Crawled caption data:

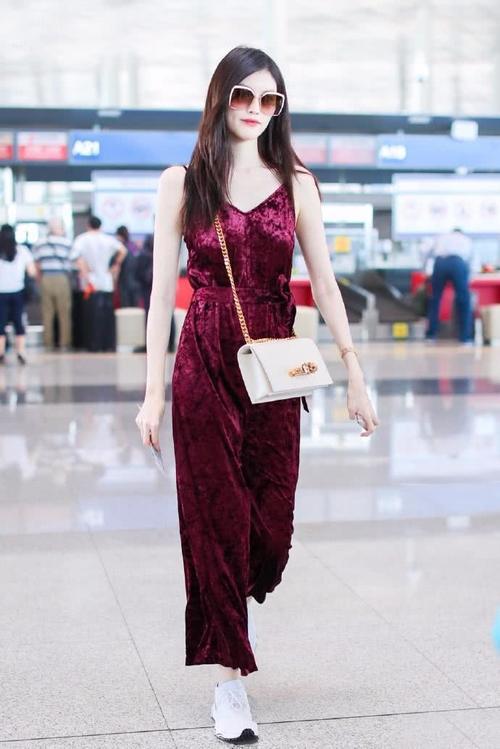 何穗酒红色吊带连体裤,走路下半身造型一言难尽,网友:真显腿粗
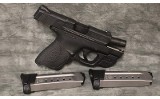Smith & Wesson~M&P40 Shield~40 S&W - 3 of 4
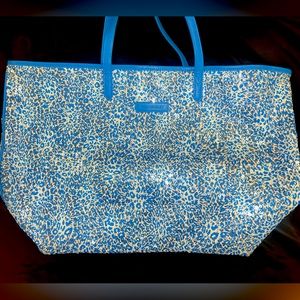 Vera Bradley tote bag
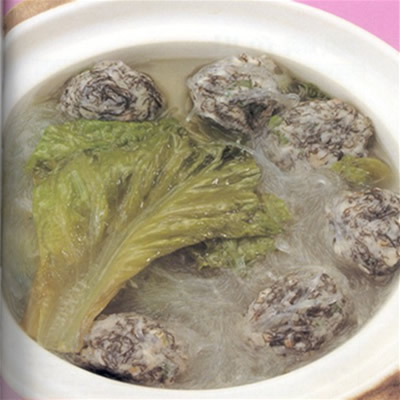  p>酸笋鲜芋梗煲鲮鱼是以酸笋,芋梗等为主料的菜品 /p>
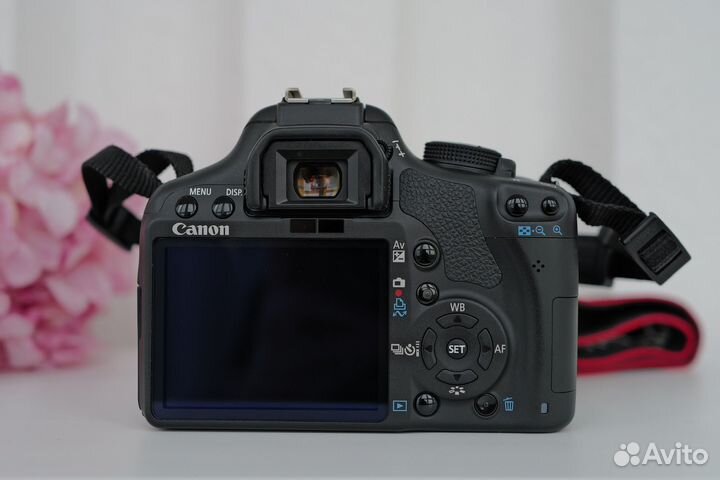 Зеркальный фотоаппарат Canon EOS 500D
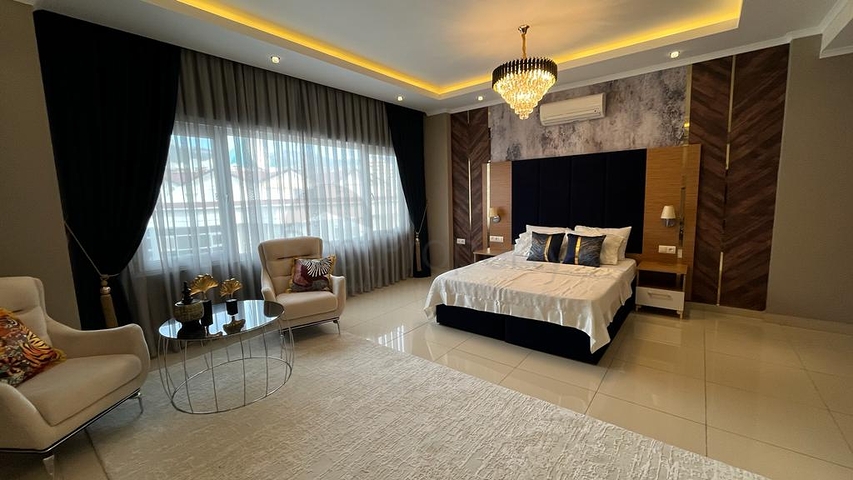 بنتهاوس واسع 4+1 في مجمع سكني شهير في منطقة جيكجيلي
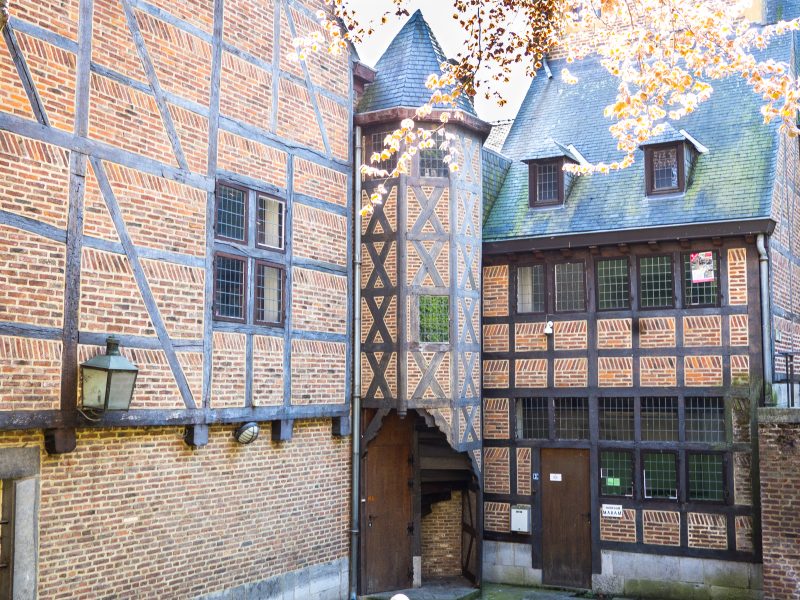 La Ville vend un immeuble classé, dans les Coteaux, au pied des escaliers de Bueren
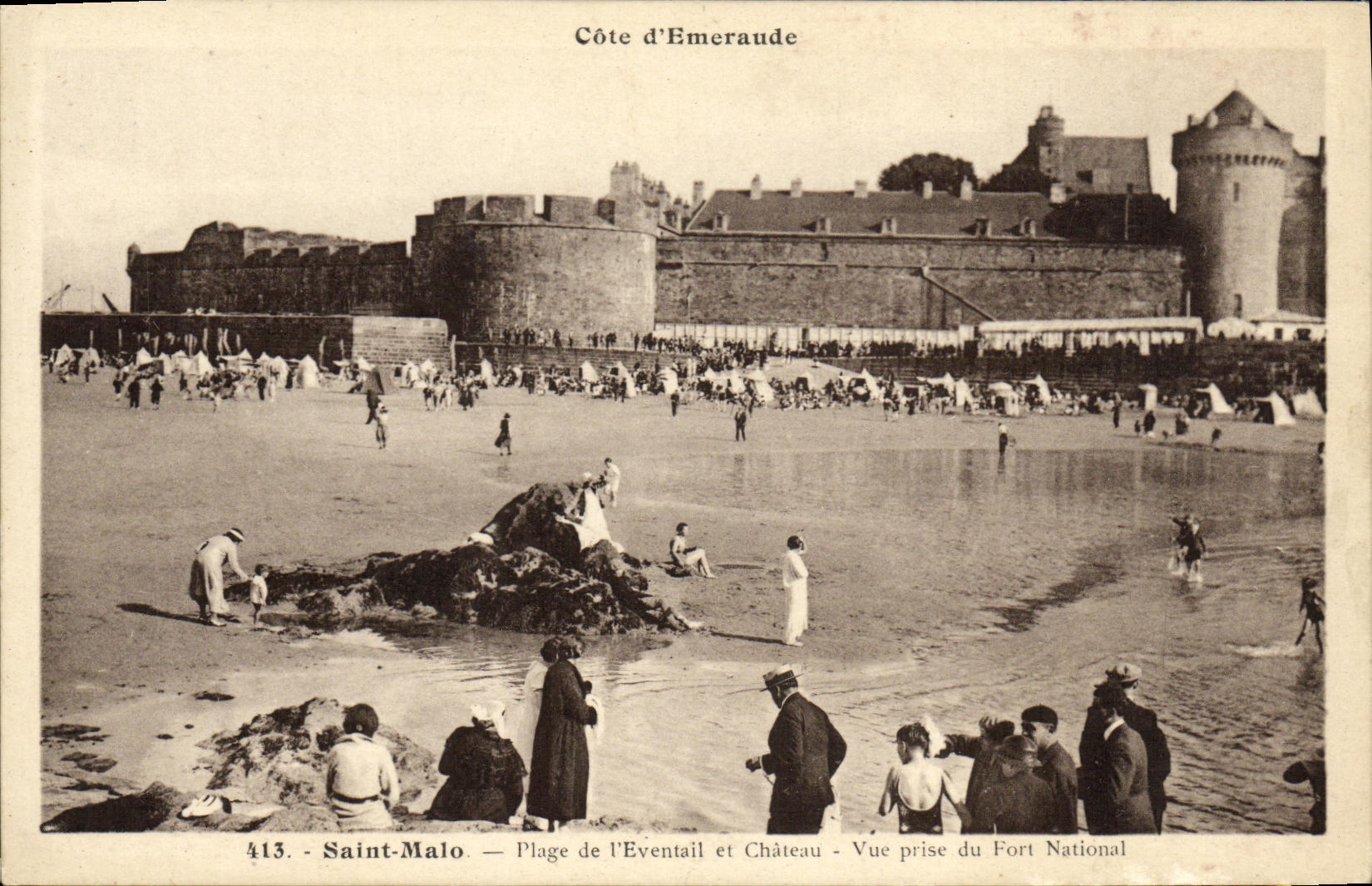 VINTAGE POSTCARD Holy Malo Beach of L Range and Castle Seen from of the strong National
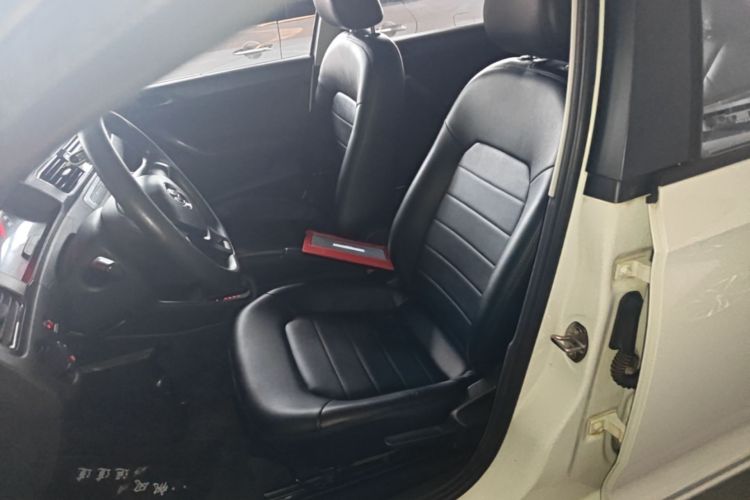 Volkswagen Santana 2018 car image #15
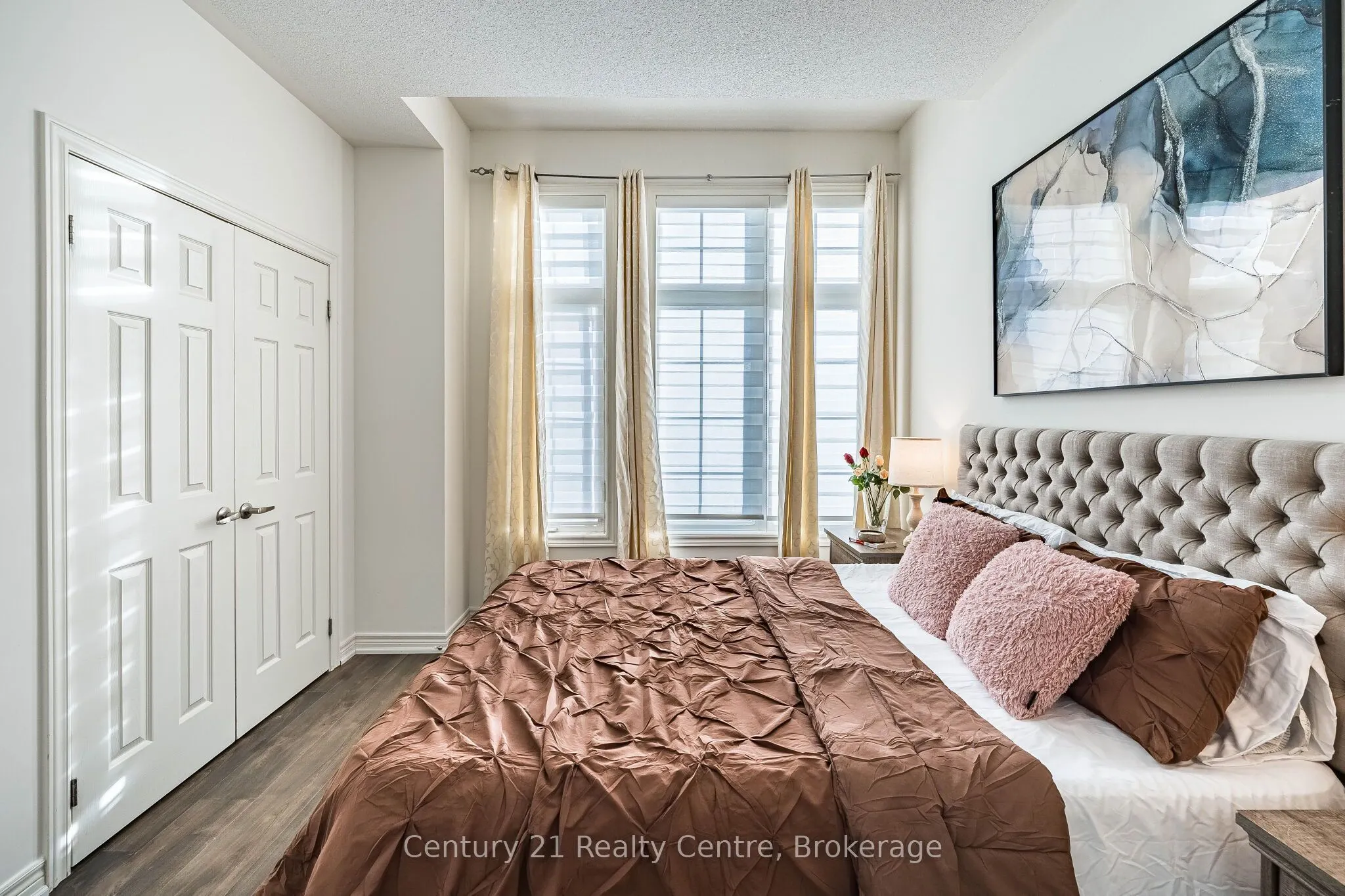 355 Royal West Drive W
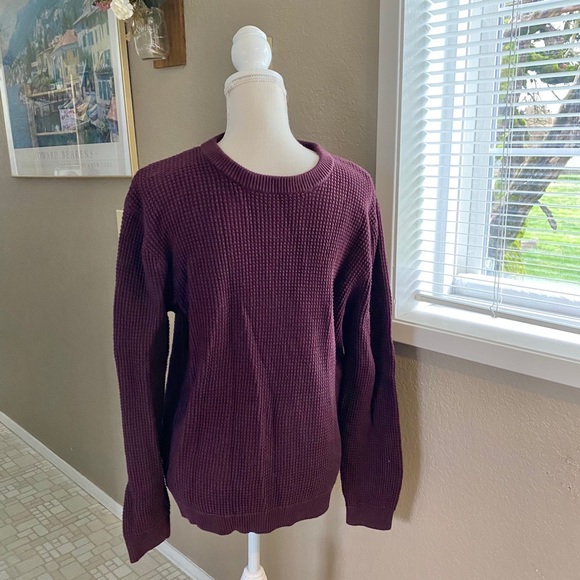H&M Other - H&M burgundy men’s waffle knit sweater, Sz. L
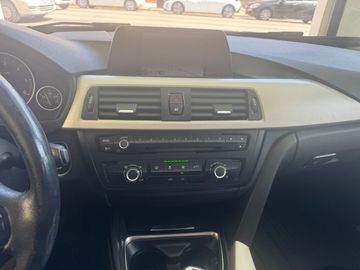 BMW 320 - 11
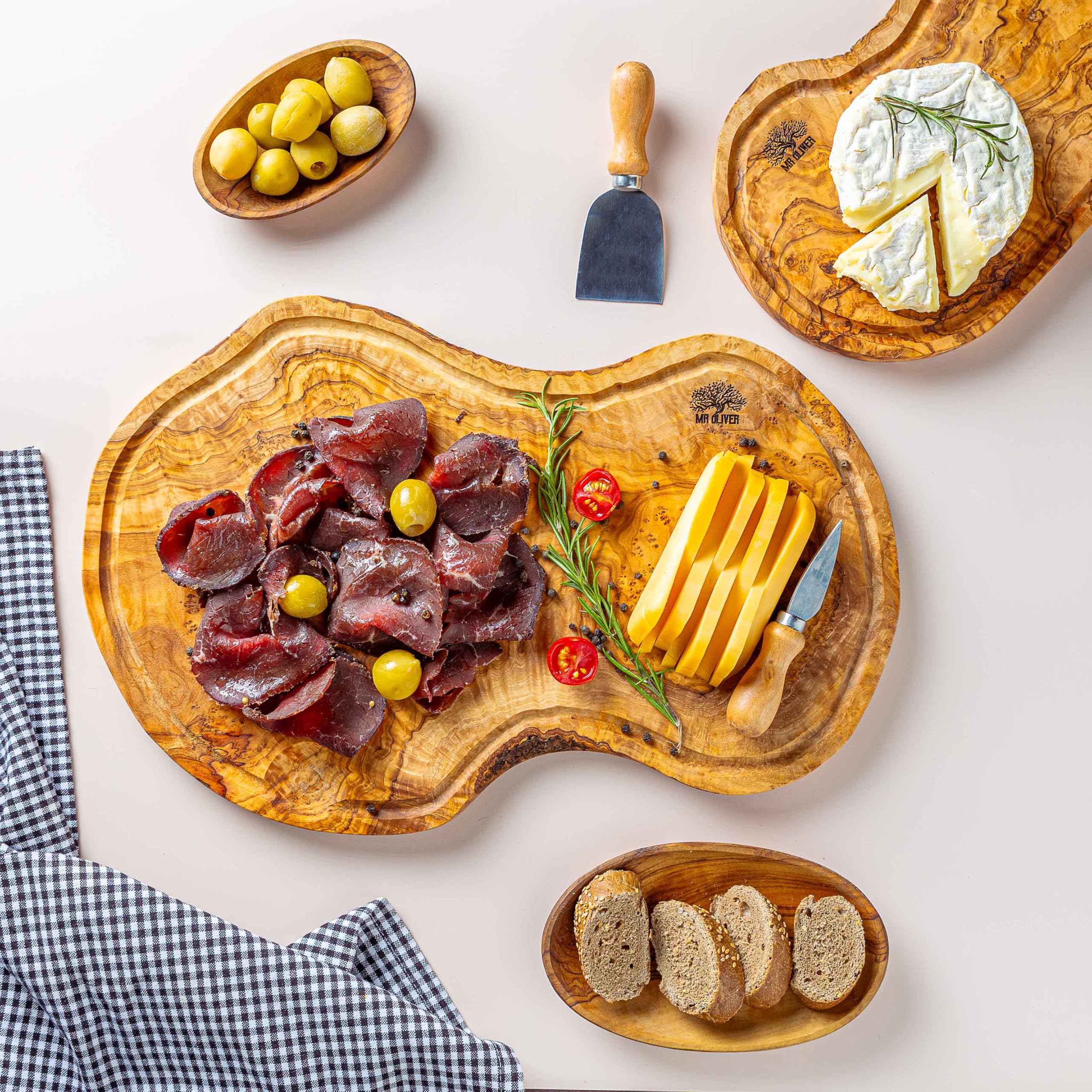 MrOliver® Neptune - Tagliere in Legno d'Ulivo Naturale - Tagliere da Cucina Professionale - Accessori Cucina di Design- Tagliere Legno Grande per Aperitivo, Carne, Salumi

§ **What the task asks**
Nothing but an exact copy of the data, without pictures, should be returned.

§ **Written answer**
 何穗酒红色吊带连体裤,走路下半身造型一言难尽,网友:真显腿粗
Smith & Wesson~M&P40 Shield~40 S&W - 3 of 4
 Vera Bradley tote bag
  p>酸笋鲜芋梗煲鲮鱼是以酸笋,芋梗等为主料的菜品 /p>
 Зеркальный фотоаппарат Canon EOS 500D
 بنتهاوس واسع 4+1 في مجمع سكني شهير في منطقة جيكجيلي
 La Ville vend un immeuble classé, dans les Coteaux, au pied des escaliers de Bueren
 VINTAGE POSTCARD Holy Malo Beach of L Range and Castle Seen from of the strong National
 Volkswagen Santana 2018 car image #15
 355 Royal West Drive W
H&M Other - H&M burgundy men’s waffle knit sweater, Sz. L
 BMW 320 - 11
 MrOliver® Neptune - Tagliere in Legno d'Ulivo Naturale - Tagliere da Cucina Professionale - Accessori Cucina di Design- Tagliere Legno Grande per Aperitivo, Carne, Salumi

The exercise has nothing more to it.